The second query does better – or worse, depending on your point of view. Nominally the join is perfectly valid and the optimizer produces an execution plan for the query. But the plan predicts a Cartesian merge join with a result set of 25M rows – which doesn’t look like a good estimate – and the plan doesn’t have a Predicate Information section.
So we use a count(*) for the third query – just in case the result set is, somehow, 25M rows – and enable rowsource execution statistics, and acquire the plan from memory after running the query (which takes nearly 14 seconds of hammering the CPU to death). And here’s the output:
COUNT(*) ---------- 25000000 1 row selected. PLAN_TABLE_OUTPUT ------------------------------------------------------------------------------------------------------------------------------------------------------------ SQL_ID 85ygrcg4n3ymz, child number 0 ------------------------------------- select count(*) from t1 X join t2 X using (object_id) Plan hash value: 4259280259 ----------------------------------------------------------------------------------------------------------------------------------------- | Id | Operation | Name | Starts | E-Rows | Cost (%CPU)| A-Rows | A-Time | Buffers | Reads | OMem | 1Mem | Used-Mem | ----------------------------------------------------------------------------------------------------------------------------------------- | 0 | SELECT STATEMENT | | 1 | | 67358 (100)| 1 |00:00:13.38 | 200 | 198 | | | | | 1 | SORT AGGREGATE | | 1 | 1 | | 1 |00:00:13.38 | 200 | 198 | | | | | 2 | MERGE JOIN CARTESIAN| | 1 | 25M| 67358 (5)| 25M|00:00:10.55 | 200 | 198 | | | | | 3 | TABLE ACCESS FULL | T2 | 1 | 5000 | 15 (7)| 5000 |00:00:00.01 | 100 | 99 | | | | | 4 | BUFFER SORT | | 5000 | 5000 | 67343 (5)| 25M|00:00:04.54 | 100 | 99 | 133K| 133K| 118K (0)| | 5 | TABLE ACCESS FULL | T1 | 1 | 5000 | 13 (0)| 5000 |00:00:00.01 | 100 | 99 | | | | -----------------------------------------------------------------------------------------------------------------------------------------
Yes, instead of zero rows Oracle managed to produce 25M rows. The execution plan is a Cartesian merge join, and that’s because the optimizer has lost the join predicate (I didn’t supply a Predicate Information section because there wasn’t one – note the absence of any asterisks against any operations in the plan).

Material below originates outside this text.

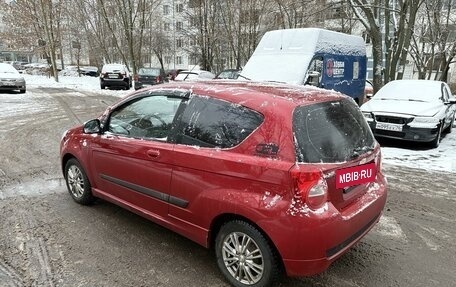 Chevrolet Aveo III, 2008 год, 380 000 рублей, 9 фотография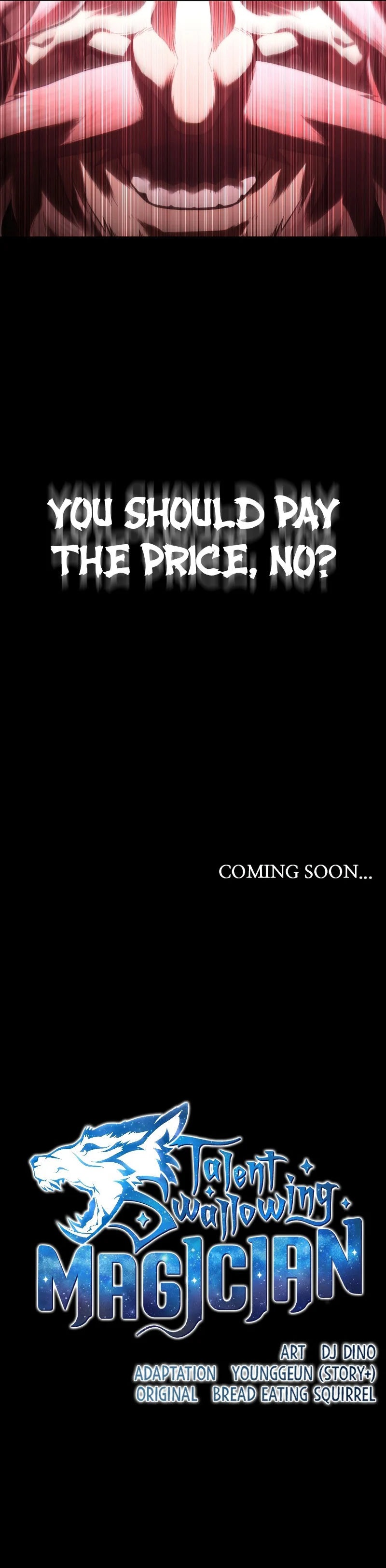 Talent-Swallowing Magician Chapter 38 - Page 11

Interestingly the Query Block / Alias section of the plan (when I called for it) reported the two aliases as X_0001 and X_0002, so internally Oracle did manage to find two different aliases – but too late, presumably.
Conclusion
Give a little thought to using table aliases sensibly and safely. It’s trivial to fix this example, but some of the messy SQL that goes into production might end up running into the same issue without it being so easy to spot the source of the anomaly.
Footnote
This is Bug 25342699 : WRONG RESULTS WITH ANSI JOIN USING AND IDENTICAL TABLE ALIASES reported Jan 2017 against 12.1.0.2, not yet fixed.